← Back to context

Comment by octo888

1 day ago

WalterBright is not totally unfamiliar with the aviation world...:

> Bright is the son of the United States Air Force pilot Charles D. Bright

> Bright graduated from Caltech in 1979 with a Bachelor of Science in Mechanical Engineering and a minor in Aeronautical Engineering

> He worked for Boeing for 3 years on the development of the 757 stabilizer trim system

So? The comparison still makes no sense. Those switches cannot be accidentally flipped, and they are in a place where the pilots' hands have no action to take at all during that period.

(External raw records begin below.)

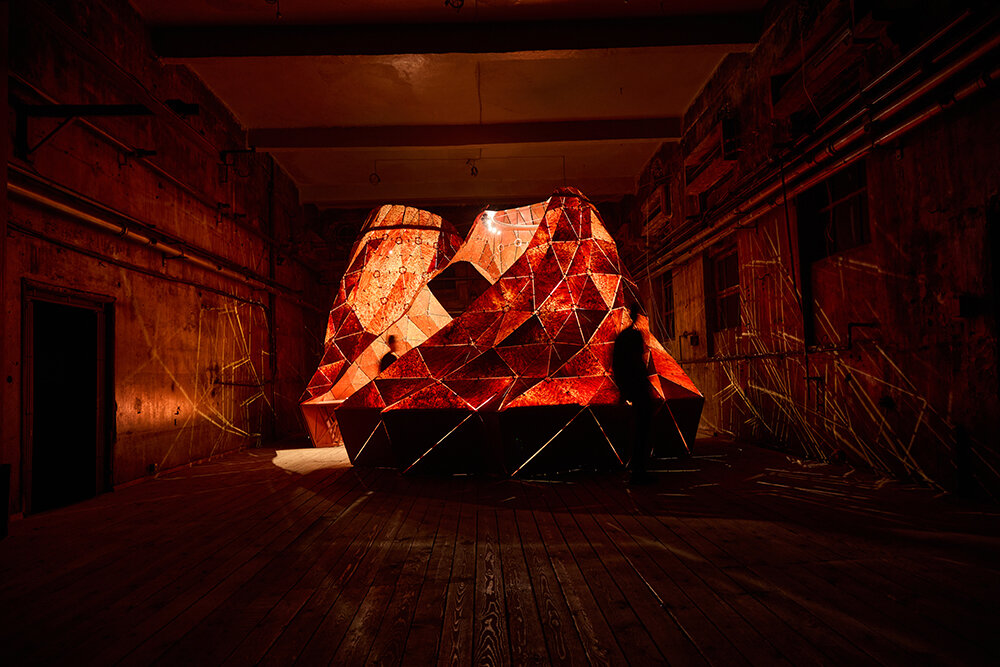 Plasc Lab utiliza residuos de plástico reciclado para crear siluetas volcánicas en nuestro evento de diseño en Beirut.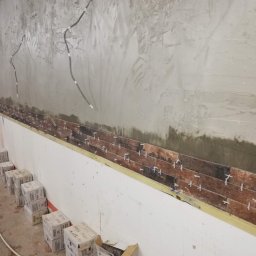 Wykonanie ściany z imitacji kamienia.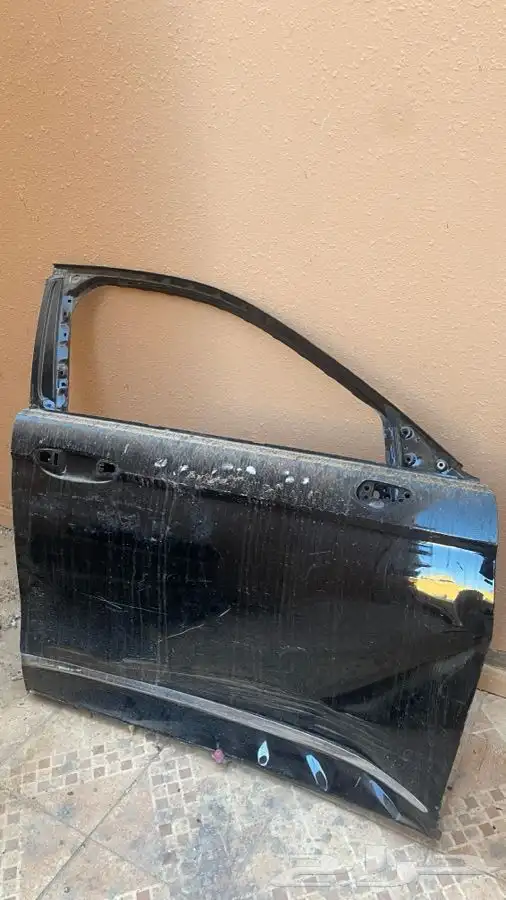 باب تورس 2022 فيه ضربه. باب مفرغ تورس لون اسود 2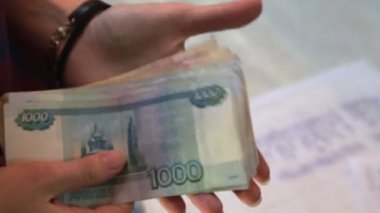 Para. Beş bin ruble. Bin ruble. Eller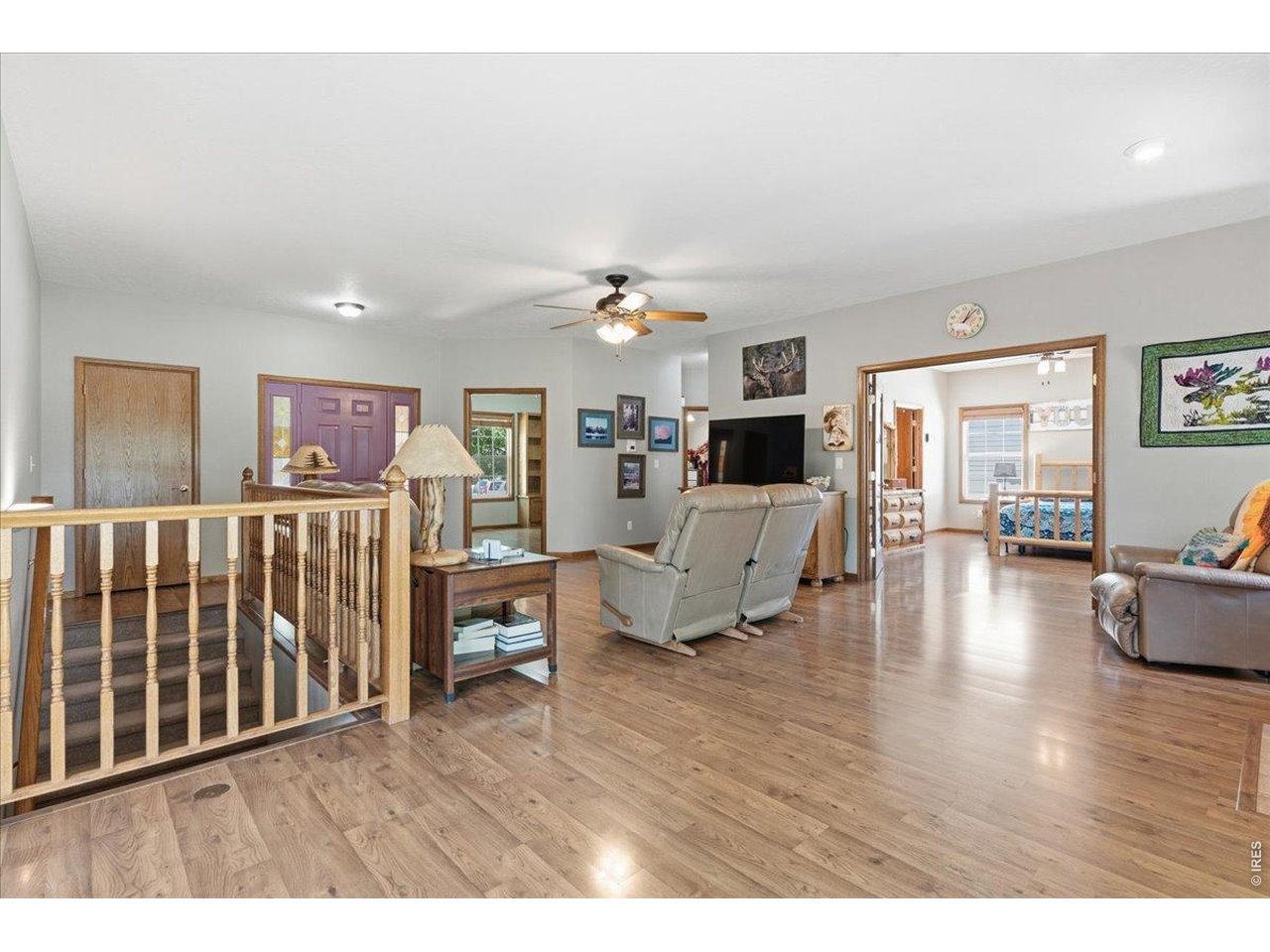 Property Photo 7 Laminate hardwood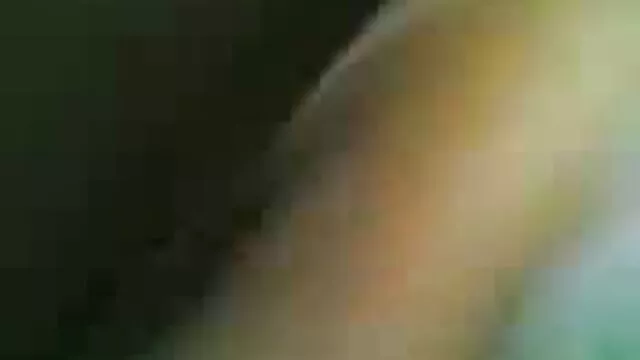Busty barna perverz videok dögös, Bailey Brooks cicáját oldalra pózban nyújtja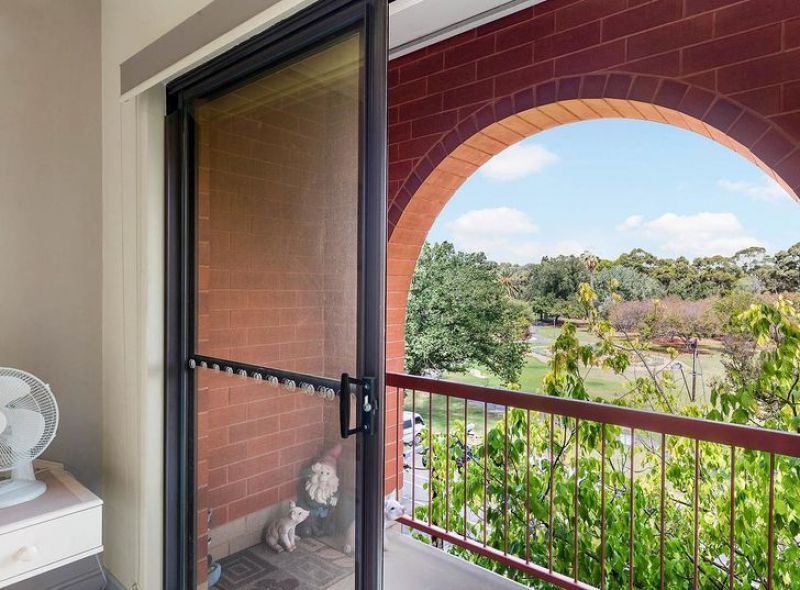 2 bedrooms Apartment / Unit / Flat in 25/274 South Tce ADELAIDE SA, 5000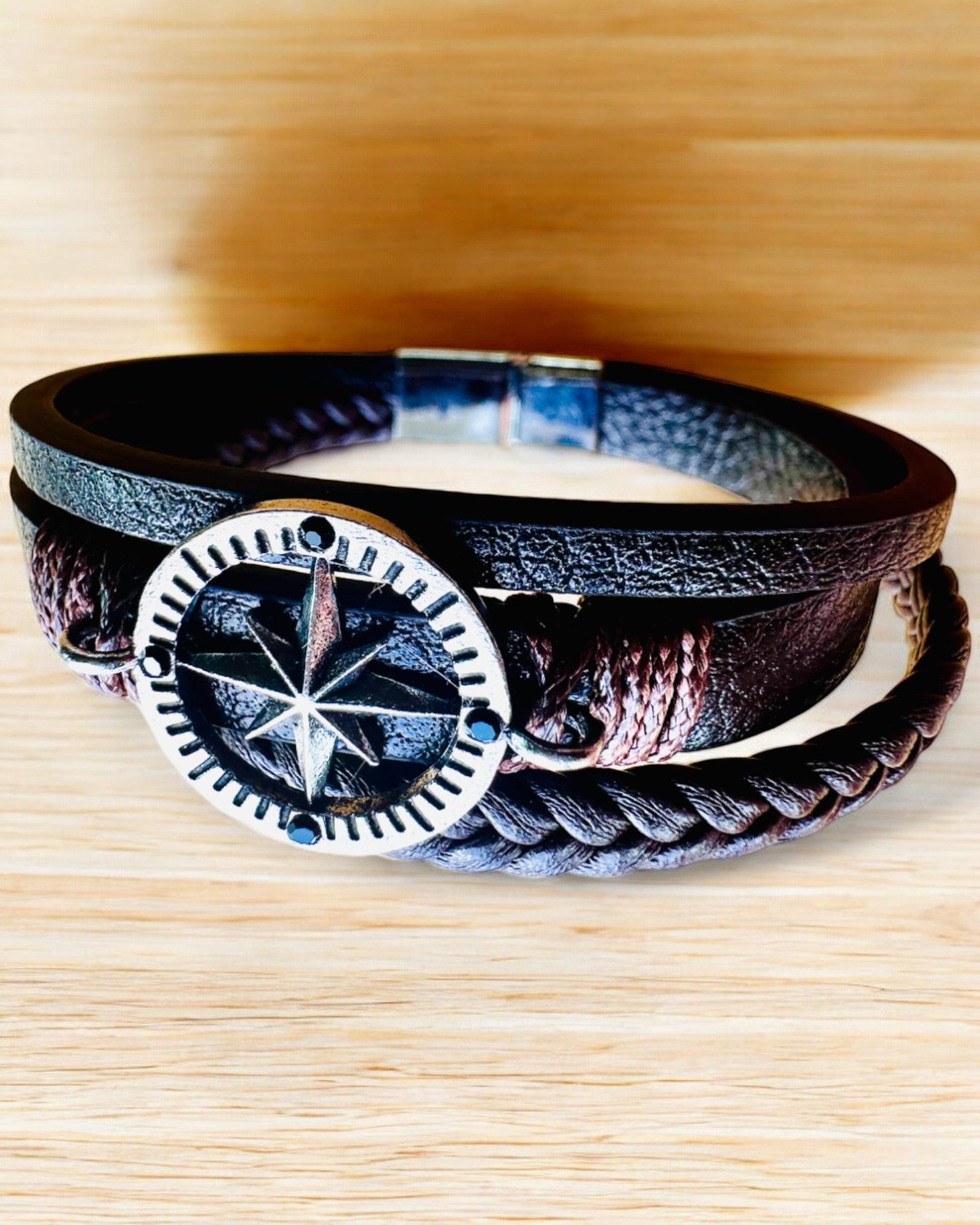 Bracelet "Compass Adventure" - possibilité de personnalisation avec gravure pour cadeau, 2 variantes de couleur au choix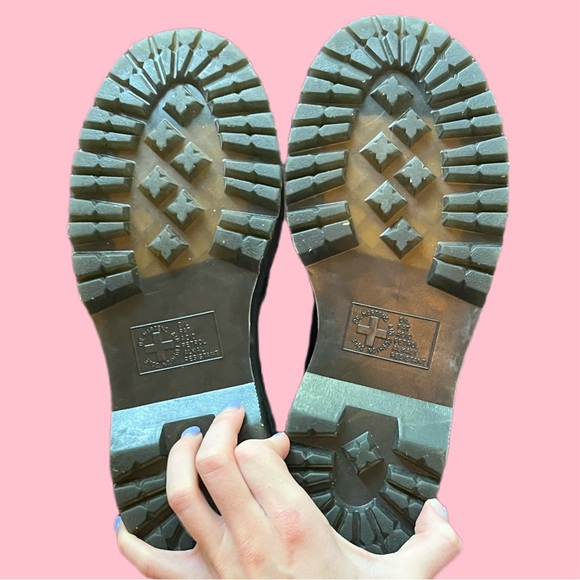 Dr. Martens 2976 smooth leather platform Chelsea boots HP <3 - Picture 4 of 4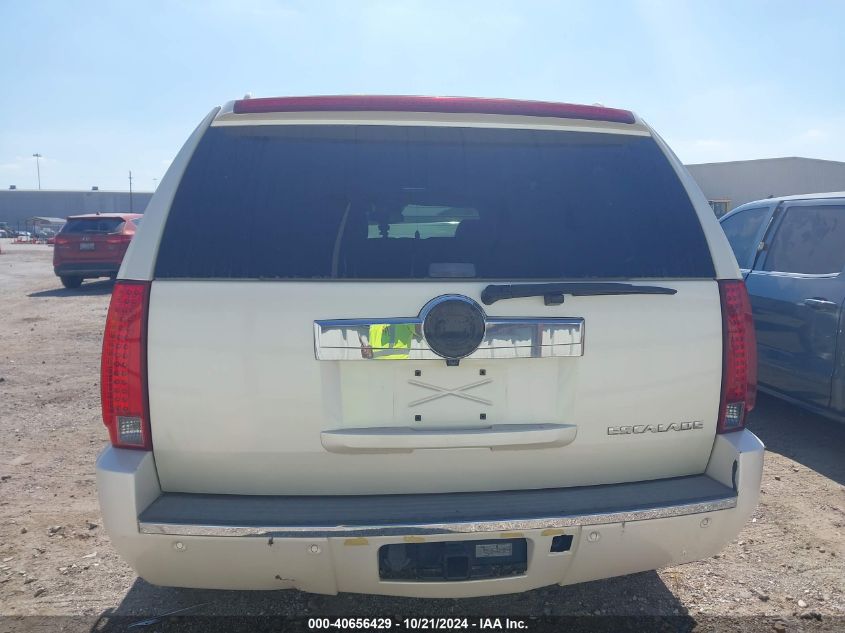 2007 Cadillac Escalade Standard VIN: 1GYEC638X7R427865 Lot: 40656429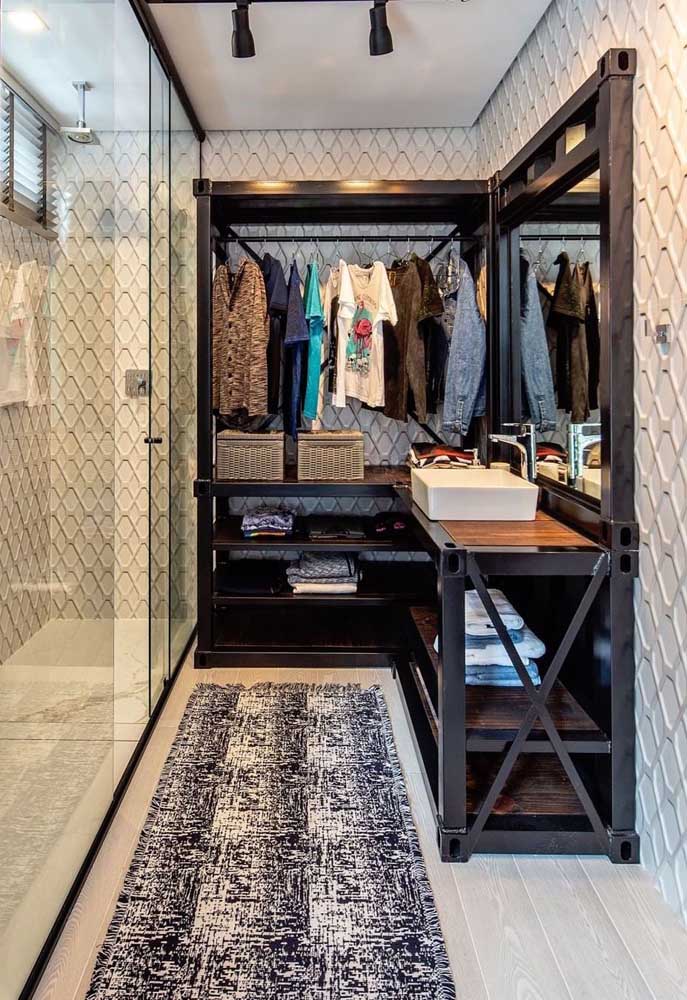 Closet e banheiro compartilham do mesmo revestimento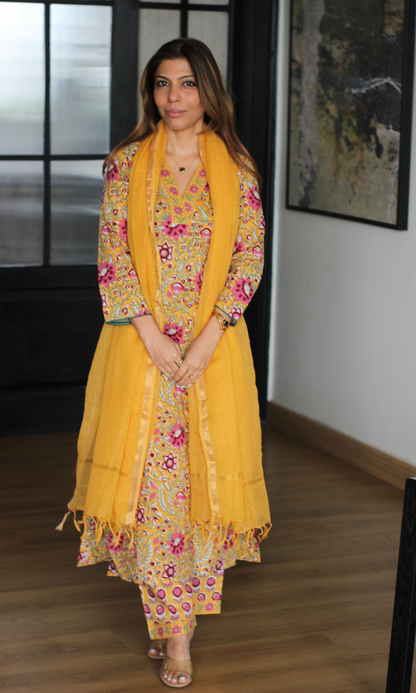 Yellow & Magenta Floral Block Print Kurta, Pants & Kota Doria Dupatta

That is very different from mixing up two similar weapons in a similar location.

Location of the switches: https://media.cnn.com/api/v1/images/stellar/prod/c-gettyimag...

Here is a video of a takeoff and climb in a 787: https://youtu.be/TTZozTaWiRo

The pilots have no business with their hands in the area of those switches in that phase of the flight (9:30+ in the video). They don't even have to touch the throttle, and even if they did, that's a long way from where you touch the throttle down to the base where those switches are. Which you can't just flip either.

How is that even remotely similar to that cop's situation?

  • > Those switches cannot be accidentally flipped

    Yes, unbelievable things can happen. There are crashes where the pilot got discombobulated and a crash resulted.

    For another example, there are at least two crashes I recall (and I am sure there are many more) where the pilot pulled back to recover from a stall despite being trained endlessly to push forward to recover. (And they killed everyone on board.) Pilots get confused by what an alarm means, and do the wrong thing. Pilots assume the autopilot is on but they had accidentally turned it off. Sometimes people get crazy urges to do the wrong thing (there's a word for that: cacoethes).

    These things are rare, but when there are millions of flights, rare things happen.